What to do with the FBI? By Victor Davis Hanson.
The FBI on Wednesday finally broke its silence and responded to the revelations on Twitter of close ties between the bureau and the social media giant—ties that included efforts to suppress information and censor political speech. … Almost all of the FBI communique is untrue. …
The last four directors of the FBI all deceived and intimidated for political effect:
Consider the last four directors, the public faces of the FBI for the last 22 years. Ex-director Robert Mueller testified before Congress that he simply would not or could not talk about the fraudulent Steele dossier. He claimed that it was not the catalyst for his special counsel investigation of Donald Trump’s alleged ties with the Russians when, of course, it was. …

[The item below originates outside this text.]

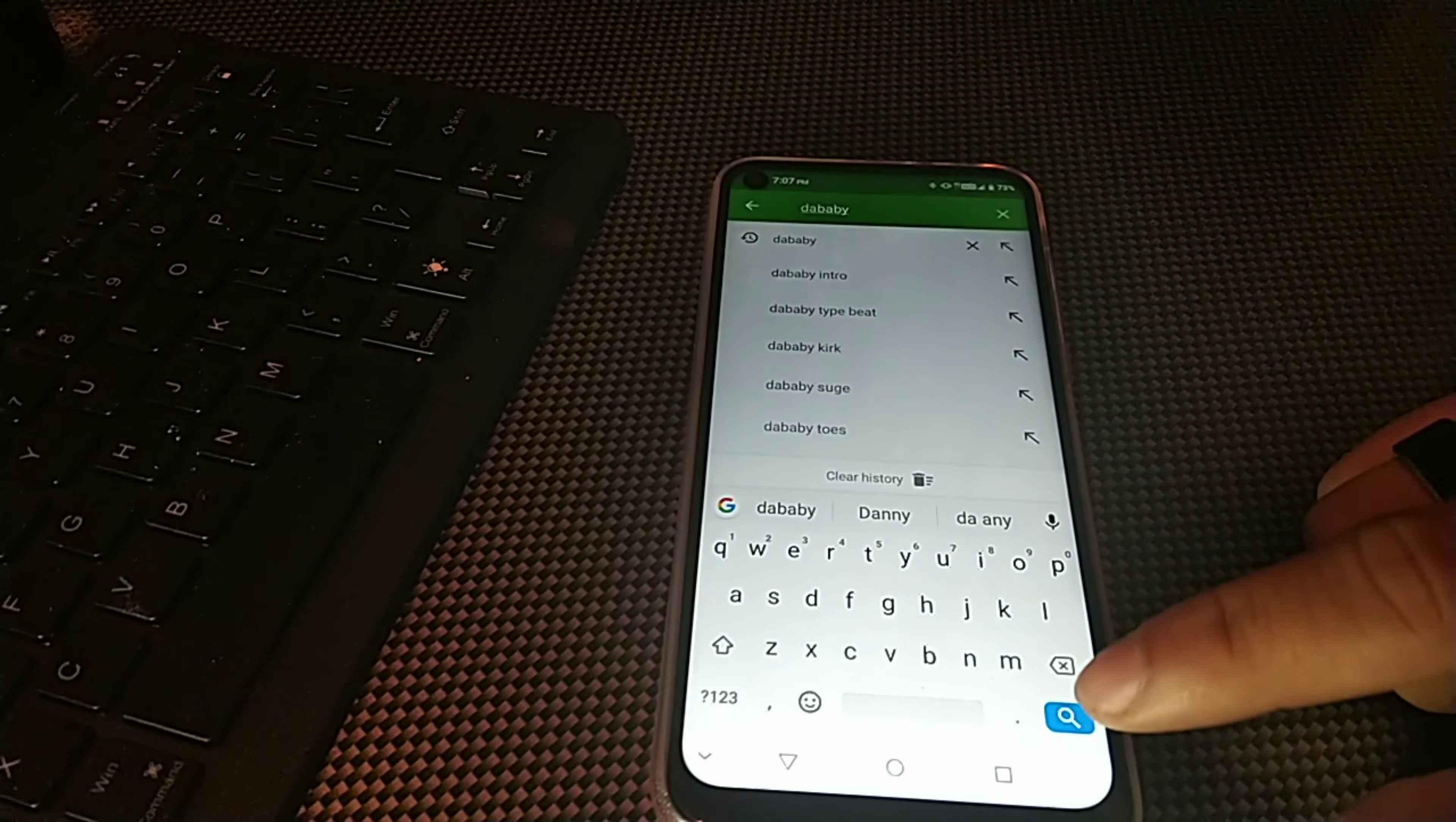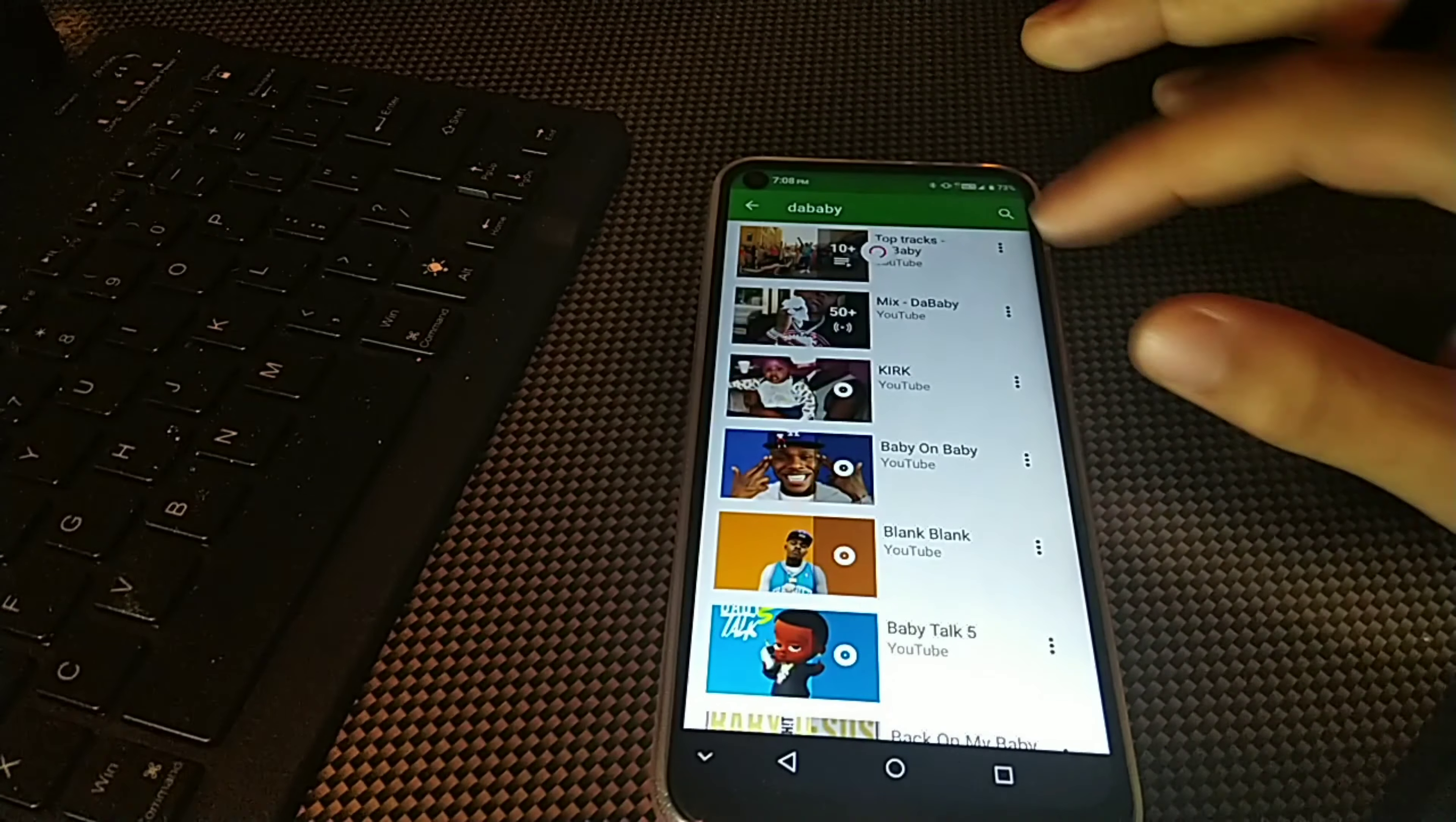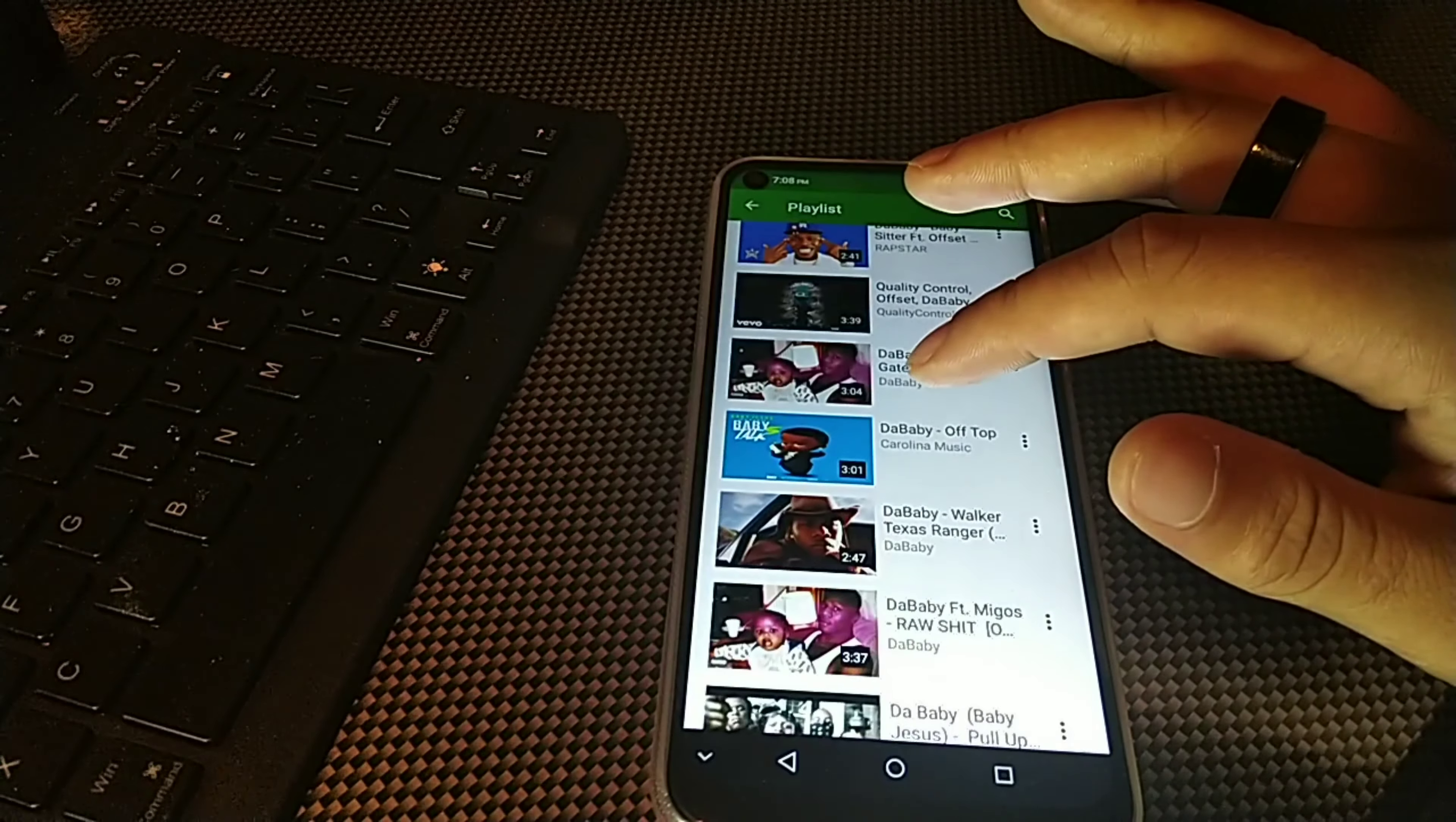All right, so I just typed in DaBaby. I'm not sure if that's like a popular artist right now but he has a few playlists right here. So basically what you do is you can just search for anything on here and you'll be able to listen to it on your phone, on your device for free. But the only thing is that it'll just play the music, it won't play the video.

While under congressional oath, Mueller’s successor James Comey on some 245 occasions claimed that he “could not remember,” “could not recall,” or “did not know” when asked simple questions fundamental to his own involvement with the Russian collusion hoax. …
While under oath, his interim successor, Andrew McCabe, on a number of occasions flat-out lied to federal investigators. Or as the office of the inspector general put it: “As detailed in this report, the OIG found that then-Deputy Director Andrew McCabe lacked candor, including under oath, on multiple occasions …” …
Under current director Christopher Wray, the FBI has surveilled parents at school boards meetings … Under Wray, the FBI staged the psychodramatic Mar-a-Lago raid on an ex-president’s home. The FBI likely leaked the post facto myths that the seized documents contained “nuclear codes” or “nuclear secrets.” Under Wray, the FBI perfected the performance-art, humiliating public arrests of former White House officials or Biden Administration opponents, whether it was the nocturnal rousting of Project Veritas muckraker James O’Keefe in his underwear or the arrest — with leg restraints — of former White House advisor Peter Navarro at Reagan National Airport for misdemeanor contempt of Congress charge or the detention of Trump election lawyer John Eastman at a restaurant with his family and the confiscation of his phone. Neither O’Keefe nor Eastman has yet been charged with any serious crimes.
Election interference, Jan 6, the incited kidnapping of Governor Whitmer — how much is too much?
The FBI arguably interfered in two presidential elections, and a presidential transition, and possibly determinatively so.
In 2016, James Comey announced that his investigation had found that Hillary Clinton had improperly if not illegally used her private email server to conduct official State Department business, some of it confidential and classified, and likely intercepted by foreign governments. All that was a clear violation of federal statutes. Comey next, quite improperly as a combined FBI investigator and a de facto federal prosecutor, deduced that such violations did not merit prosecution. …
To this day, the public has no idea what the FBI was doing on January 6, how many FBI informants and agents were among the rioters, and to what degree they knew in advance of the protests. The New York Times reporter most acquainted with the January 6 riot, Matthew Rosenberg, dismissed the buffoonish violence as “no big deal” and scoffed, “They were making this an organized thing that it wasn’t.”
“There were a ton of FBI informants among the people who attacked the Capitol,” Rosenberg noted. We have never been told anything about that “ton” — a topic of zero interest to the January 6 select committee. …
It’s thoroughly corrupted, so burn it down:
What, if anything, should the people do about a once-respected law enforcement agency that repeatedly smears its critics, most recently as “conspiracy theorists”? …
The next two years are dangerous times for the FBI — and the country. The House will soon likely begin investigations of the agency’s improper behavior. Yet, simultaneously, the Biden Justice Department will escalate its use of the bureau as a partisan investigative service for political purposes.
The FBI’s former embattled, high-ranking administrators who have been fired or forced to leave the agency — Andrew McCabe, James Comey, Peter Strzok, James Baker, Lisa Page, and others — will continue to appear on the cable news stations and social media to inveigh against critics of the FBI, despite being all deeply involved in the Russia-collusion hoax.
Merrick Garland will continue to order the FBI to hound perceived enemies through surveillance and performance art arrests. And the people will only grow more convinced the bureau has become Stasi-like and cannot be reformed but must be broken up — even as in extremis a defiant and unapologetic FBI will, as its latest communique shows, attack its critics. …
Who watches the watchers?
Organize one little leadership assassination, and you’re forever enmeshed in politics hushing things up.
Rig one little election, and you have to ensure you win every election thereafter to present investigation and revenge.
And soon, nobody trusts the government, not even the politicians who are nominally in charge.